Flattering Mirror of the Proud
Envy and its vicious cousin ambition have long been the subject of tragedy. Aeschylus’s Oresteia, for example, was first produced at the City Dionysia way back in 458 BC. In the first of the plays in that series Aeschylus has one of history’s most ambitious men, Agamemnon, proclaim, “How rare, men with character to praise a friend’s success without a trace of envy, poison to the heart — it deals a double blow. Your own losses weigh you down but then, look at your neighbor’s fortune and you weep. Well I know. I understand society, the flattering mirror of the proud.”
While ambition is not the main theme of the Oresteia, it is Agamemnon’s ambition to conquer Troy that provokes him to butcher his own daughter, Iphigenia. Clytemnestra, Agamemnon’s wife and Iphigenia’s mother, in return, butchers Agamemnon. Orestes, Agamemnon and Clytemnestra’s son, then butchers Clytemnestra. It’s butchery all around. Kind of an odd family tradition, but who am I to judge?
At any rate, the ravaging butcheries of ambition needn’t be presented so gruesomely as they are in Aeschylus. They can be much more subtle and silently soul crushing as I suspect they are for Boris Drubetskoy in War and Peace.
Boris, from the beginning, has been a relentless social climber. We can’t fault him for this. We know, for instance, that his family, while of good name, are of poor financial position. This inauthentic act he’s had to play in order to claw his way to the middle of Russian society does not, at first glance, appear to have harmed him in any way. Even Tolstoy, a blunt Christian moralist if there ever was one, remains neutral in his presentation of Boris’s clearly ambitious, maybe even avaricious, character. But if we look beyond the surface of Boris’s story I think we find the damaging nature of his ambition.

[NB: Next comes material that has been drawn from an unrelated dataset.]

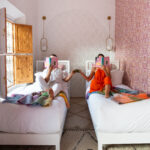 twin beds in orange blossom room tea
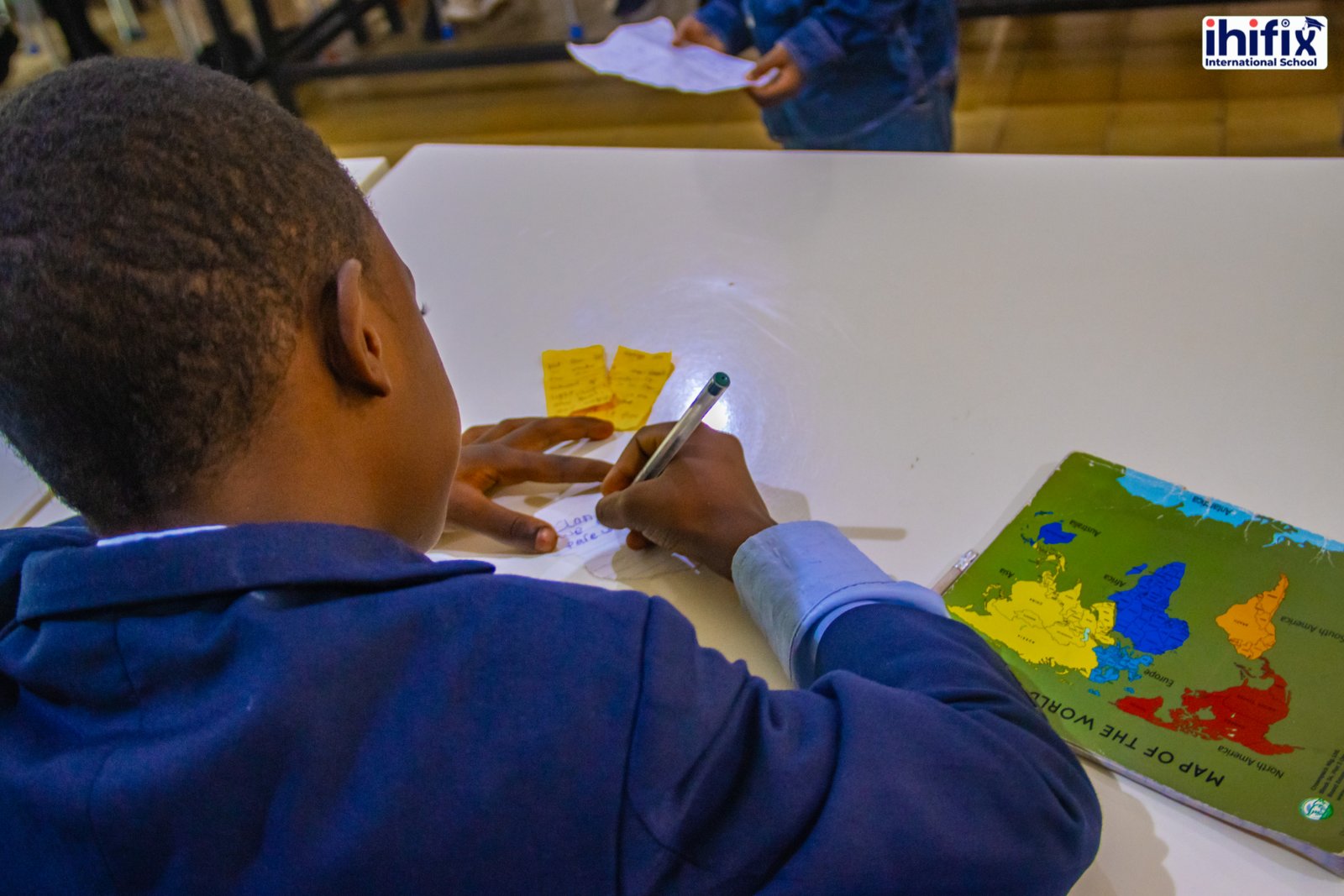 Students working together with a map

In today’s reading, to take one example, he must hold back his true thoughts about Ippolit’s Roi Prusse joke. Instead of sharing his thoughts on the joke Boris “smiles circumspectly, so that it might be taken as ironical or appreciative according to the way the joke was received.” And this isn’t the first time, nor the last, we’ll see Boris subjugate his true self in order to present this more politically correct, socially acceptable persona.
Again, we can’t be sure of the debilitating nature of this self-imposed inauthenticity because Tolstoy’s development of Boris’s character favors neither a negative nor a positive reading. But there must, I believe, be at least some level of seething Boris experiences as a result of having to suppress his true feelings all the time. Then again, maybe he understands that’s just the price to pay for social advancement. We just don’t know.
What we do know is that by chapter’s end Boris has developed a relationship with Helene and that hasn’t worked out too well for any of our characters so far!
Take your average Boris today. Imagine the envy he feels admiring the things and positions of his social superiors. Imagine the sacrifices of time, thought and personal expression required to fuel the ambition necessary to obtain those things for himself.
Is it worth it? At what cost?
When you see a man take up the robe of office, therefore, or hear his name bruited in the law courts, do not envy him; the price of these distinctions is life.